Posterous theme by Cory Watilo

List of Day-Enders

I was walking to class yesterday, soaked to the bone from the torrential rains Philly was enduring, and I got to thinking...while being soaked from rain isn't one, there are a number of things that, once having happened, indicate my day is over. What I mean to say is, there are certain things that will immediately put an end to my excursion. Should they happen, I would turn right around and go home. These are a few I thought of:

  1. Any sort of spilling on to the groinal region. If I drive to the train, get the train, start walking to class and fumble with my coffee, spilling it on the front of my pants...my day is over. Right there on the street I will turn right around and go home. Theres just no recovering from that. I don't carry a spare pair of pants in my backpack and I can't pull off the sweater-around-the-waist thing. 

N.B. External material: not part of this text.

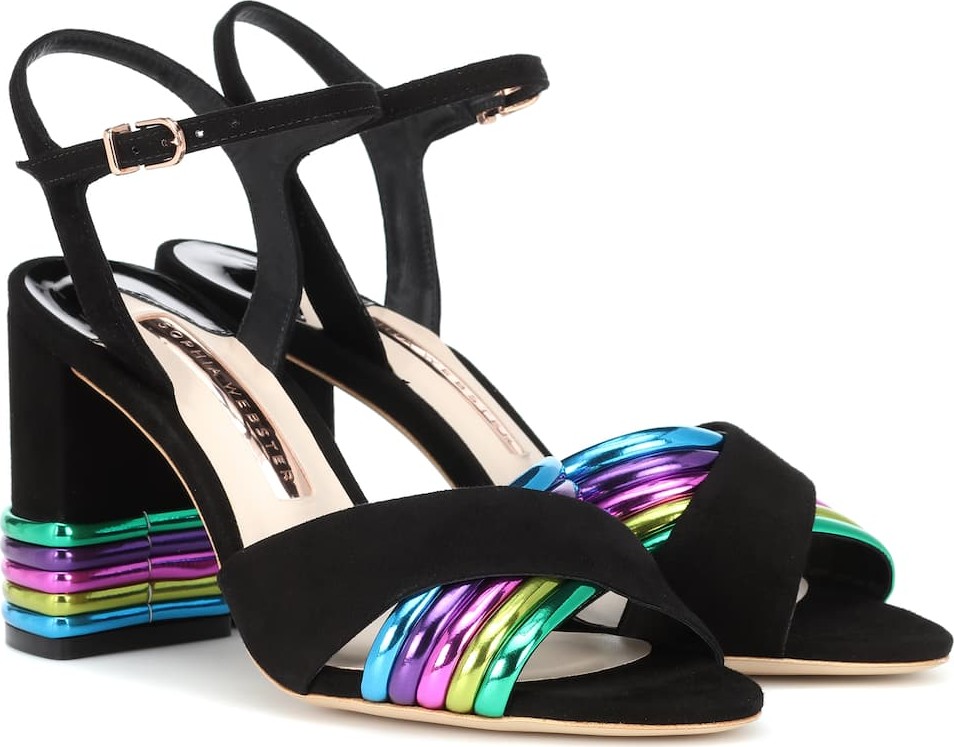 Sophia Webster Joy leather and suede sandals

  2. Vomiting. I don't drink, so I've never incorporated vomiting in to my normal routine. I could be in a spaceship about to dock at the International Space Station, if I vomit, this adventure is over. Close the hatches and notify the groundcrew, I'm coming home. 

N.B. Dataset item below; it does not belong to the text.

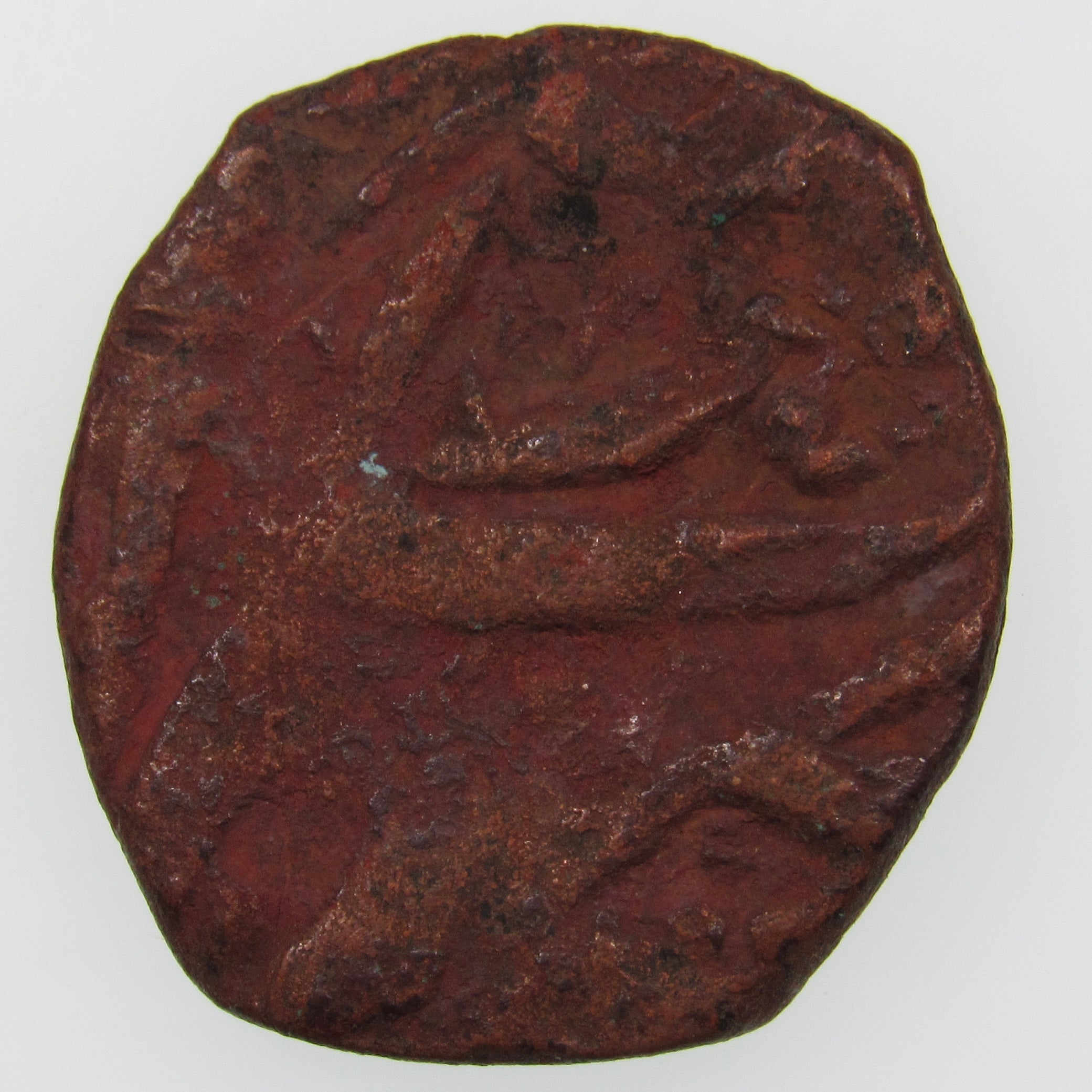 AFGHANISTAN. Civic Copper Falus (3.85 g.). Herat, AH1227 (1812). C/M "Rayij" (Current). KM-44. A-3235.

  3. Bleeding. Anything larger than a papercut and this day is done. Not only that, depending on the location, I may not be leaving my house for a while. I see people with, like, fresh scars with the stitches still in them walking around. You've got to be crazy. I'm in bed softly sobbing and trying not to move. 
  4. Crime Victimization. Robbed or mugged, and to home I go. 
  5. Lapsing in to unconsciousness. Day. Over.
  6. Bitten by a human. If I get on the train, and a dwarf that had been hiding under my seat rolls out and sinks his sharp little teeth in to my calf, I'm done. I'll get off at the next stop, wait for a train taking me back, and immediately return home.